To say the theater coursed through his blood would be an understatement. His mother, an actress, was nine months pregnant with Dan but still attended Tobacco Road, fearing it would close. That experience produced false labor – and also a false sense of worry as Tobacco Road went on to run longer, until then, than any play on Broadway.
All of Dan’s family is in “the business.” Dan met his wife, the designer and playwright Dina Harris, when both were working on a pair of horror movies. One, The Horror of Party Beach, was so bad that it has achieved cult status and is featured in Medved and Dreyfuss’ book “_.” The other film, The Curse of the Living Corpse, was Roy Scheider’s first film.
In the mid-1970s, Dan took a position as Drama Director at The Brearley School in New York City. There he taught acting and stagecraft for 19 years, directing hundreds of plays and dozens of musicals. His students were the daughters of people such as Leonard Bernstein, Calvin Trillin, Itzhak Perlman and Frank Loesser among other notables. Those he trained include Diane Paulis, who last year was named Artistic Director of the American Repertory Theatre in Cambridge.
It was while Dan was teaching at Brearley that he helped to found WHAT. He served on the WHAT board of directors until his death so that he could continue to have a voice in the theater he helped to start.
Dan was more than his accomplishments, of course. He was a big-hearted man with a legendary sense of humor that permeated both his private and professional life. That was never more obvious than at his funeral, where several lifelong friends recalled a larger-than-life personality who was at once creative and fun loving.
“I’ve had a good run,” he said to his oncologist when learning 15 months ago that he had inoperable cancer.
He is survived by his wife Dina Harris, who will remain in Wellfleet, and two children. His son Sheafe Walker was a sound designer for many Off Broadway shows as well as at WHAT. He is now an attorney specializing in entertainment law. His daughter, Daisy Walker, is a theater director who has worked on Broadway, at Radio City Music Hall, and in numerous regional theaters. An associate director for the Broadway hit Jersey Boys, she last year took time off from that job to direct Ride at WHAT, and this year she will be returning to Wellfleet to direct The Little Dog Laughed on the Julie Harris Stage.

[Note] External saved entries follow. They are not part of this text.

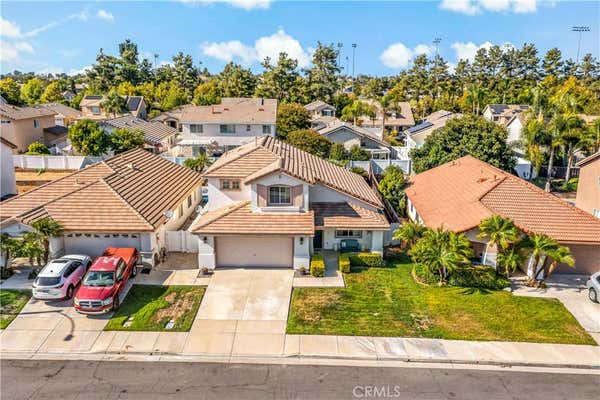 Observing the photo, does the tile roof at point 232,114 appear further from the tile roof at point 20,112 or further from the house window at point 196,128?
the tile roof at point 20,112

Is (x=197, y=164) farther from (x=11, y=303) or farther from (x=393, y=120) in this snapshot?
(x=393, y=120)

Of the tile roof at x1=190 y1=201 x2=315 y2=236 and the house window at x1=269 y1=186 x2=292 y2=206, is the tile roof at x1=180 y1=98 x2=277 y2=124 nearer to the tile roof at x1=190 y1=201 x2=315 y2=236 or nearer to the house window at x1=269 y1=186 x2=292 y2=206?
the house window at x1=269 y1=186 x2=292 y2=206

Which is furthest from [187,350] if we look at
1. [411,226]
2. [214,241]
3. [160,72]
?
[160,72]

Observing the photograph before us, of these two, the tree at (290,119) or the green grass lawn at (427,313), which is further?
the tree at (290,119)

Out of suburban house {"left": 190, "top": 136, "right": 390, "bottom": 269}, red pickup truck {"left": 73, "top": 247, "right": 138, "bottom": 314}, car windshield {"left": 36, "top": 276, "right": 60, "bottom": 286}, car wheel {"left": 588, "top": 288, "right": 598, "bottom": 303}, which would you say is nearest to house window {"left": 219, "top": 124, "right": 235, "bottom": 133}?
suburban house {"left": 190, "top": 136, "right": 390, "bottom": 269}

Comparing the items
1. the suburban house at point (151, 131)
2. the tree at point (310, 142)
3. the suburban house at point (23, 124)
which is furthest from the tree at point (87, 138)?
the tree at point (310, 142)

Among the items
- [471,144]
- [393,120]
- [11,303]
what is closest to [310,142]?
[471,144] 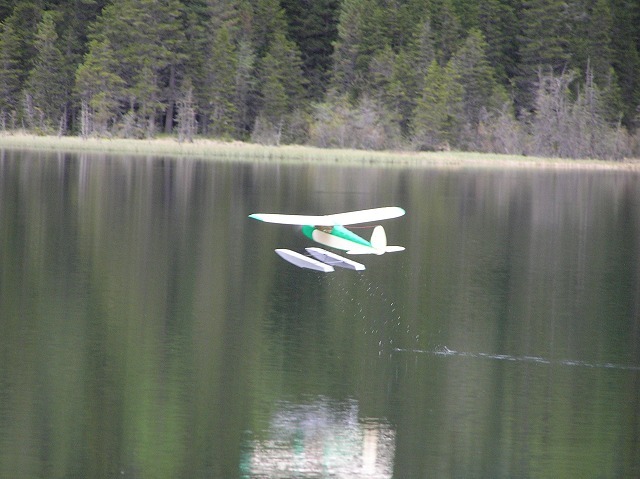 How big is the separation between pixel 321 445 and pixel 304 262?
1138 cm

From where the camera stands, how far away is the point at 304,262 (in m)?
23.1

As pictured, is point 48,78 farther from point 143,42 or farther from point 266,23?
point 266,23

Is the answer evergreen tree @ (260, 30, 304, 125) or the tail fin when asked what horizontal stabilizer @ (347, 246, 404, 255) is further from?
evergreen tree @ (260, 30, 304, 125)

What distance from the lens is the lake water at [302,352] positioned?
1161cm

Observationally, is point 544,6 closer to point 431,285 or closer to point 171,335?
point 431,285

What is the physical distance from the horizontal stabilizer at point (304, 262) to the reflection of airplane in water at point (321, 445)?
29.9 ft

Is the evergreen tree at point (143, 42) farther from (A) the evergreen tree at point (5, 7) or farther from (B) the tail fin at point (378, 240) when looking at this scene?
(B) the tail fin at point (378, 240)

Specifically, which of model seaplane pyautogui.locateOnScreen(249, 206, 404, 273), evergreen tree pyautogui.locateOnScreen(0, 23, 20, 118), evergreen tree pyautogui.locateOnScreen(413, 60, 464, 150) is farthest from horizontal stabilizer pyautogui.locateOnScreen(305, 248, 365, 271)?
evergreen tree pyautogui.locateOnScreen(0, 23, 20, 118)

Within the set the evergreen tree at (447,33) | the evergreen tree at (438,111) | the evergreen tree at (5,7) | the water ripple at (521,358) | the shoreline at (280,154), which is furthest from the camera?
the evergreen tree at (447,33)

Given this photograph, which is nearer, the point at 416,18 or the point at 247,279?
the point at 247,279

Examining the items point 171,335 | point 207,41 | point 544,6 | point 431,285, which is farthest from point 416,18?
point 171,335

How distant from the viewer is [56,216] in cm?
3078

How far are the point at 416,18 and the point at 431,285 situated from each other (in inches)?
2531

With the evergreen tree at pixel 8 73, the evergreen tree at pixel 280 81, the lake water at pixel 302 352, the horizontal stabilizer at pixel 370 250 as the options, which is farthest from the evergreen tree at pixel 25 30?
the horizontal stabilizer at pixel 370 250
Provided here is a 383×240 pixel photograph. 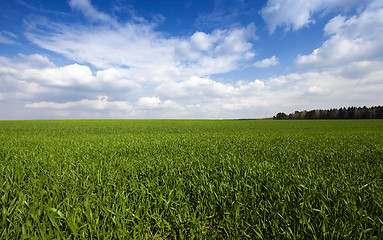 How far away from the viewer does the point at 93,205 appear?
8.88 feet

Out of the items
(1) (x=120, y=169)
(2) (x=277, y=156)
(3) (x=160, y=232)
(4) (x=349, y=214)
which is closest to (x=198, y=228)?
(3) (x=160, y=232)

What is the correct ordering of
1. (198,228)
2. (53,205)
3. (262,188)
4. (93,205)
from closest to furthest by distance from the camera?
(198,228)
(53,205)
(93,205)
(262,188)

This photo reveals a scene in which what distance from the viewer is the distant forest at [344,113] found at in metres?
82.0

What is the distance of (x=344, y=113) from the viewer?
88062 millimetres

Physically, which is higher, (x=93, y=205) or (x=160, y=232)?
(x=93, y=205)

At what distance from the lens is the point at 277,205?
2551 millimetres

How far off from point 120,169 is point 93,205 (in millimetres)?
1835

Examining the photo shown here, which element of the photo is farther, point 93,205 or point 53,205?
point 93,205

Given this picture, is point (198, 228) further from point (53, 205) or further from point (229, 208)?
point (53, 205)

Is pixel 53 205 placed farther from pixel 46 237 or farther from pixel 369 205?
pixel 369 205

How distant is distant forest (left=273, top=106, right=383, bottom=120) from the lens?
82000 mm

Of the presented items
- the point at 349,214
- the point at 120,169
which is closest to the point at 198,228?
the point at 349,214

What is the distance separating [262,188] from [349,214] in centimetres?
125

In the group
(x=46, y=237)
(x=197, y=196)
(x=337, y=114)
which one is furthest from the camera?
(x=337, y=114) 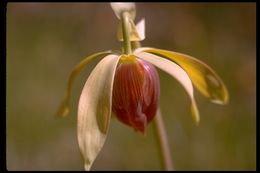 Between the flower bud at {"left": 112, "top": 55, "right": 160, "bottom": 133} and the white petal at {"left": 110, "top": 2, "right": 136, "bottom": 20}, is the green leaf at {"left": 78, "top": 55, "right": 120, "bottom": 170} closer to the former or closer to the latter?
the flower bud at {"left": 112, "top": 55, "right": 160, "bottom": 133}

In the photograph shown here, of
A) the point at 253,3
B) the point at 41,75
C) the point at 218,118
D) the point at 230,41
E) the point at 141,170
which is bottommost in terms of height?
the point at 141,170

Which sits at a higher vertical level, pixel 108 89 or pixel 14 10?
pixel 14 10

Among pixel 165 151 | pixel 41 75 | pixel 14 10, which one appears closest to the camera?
pixel 165 151

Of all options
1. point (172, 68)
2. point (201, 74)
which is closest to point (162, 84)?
point (201, 74)

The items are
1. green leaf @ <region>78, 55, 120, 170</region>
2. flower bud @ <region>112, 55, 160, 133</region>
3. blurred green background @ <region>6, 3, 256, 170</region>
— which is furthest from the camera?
blurred green background @ <region>6, 3, 256, 170</region>

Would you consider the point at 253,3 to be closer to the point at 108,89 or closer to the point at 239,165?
the point at 239,165

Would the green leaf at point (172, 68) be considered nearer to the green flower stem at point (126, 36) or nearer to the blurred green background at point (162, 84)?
the green flower stem at point (126, 36)

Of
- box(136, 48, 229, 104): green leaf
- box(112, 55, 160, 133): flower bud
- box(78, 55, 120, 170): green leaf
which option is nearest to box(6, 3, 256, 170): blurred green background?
box(136, 48, 229, 104): green leaf

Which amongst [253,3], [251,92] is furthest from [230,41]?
[251,92] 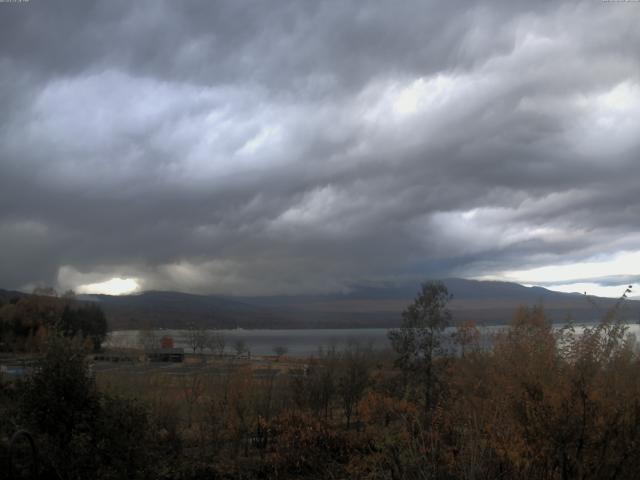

His wife and two children were by his side when he succumbed to pneumonia on March 6th.
A small funeral was held Tuesday March 10th at the Church of St. Mary’s of the Harbor, in Provincetown, and officiated by the Reverend John F.Smith. The Nickerson Funeral home in Wellfleet made arrangements for cremation.
WHAT plans to hold a Memorial for Dan at the Julie Harris Stage at 1pm on August 15th.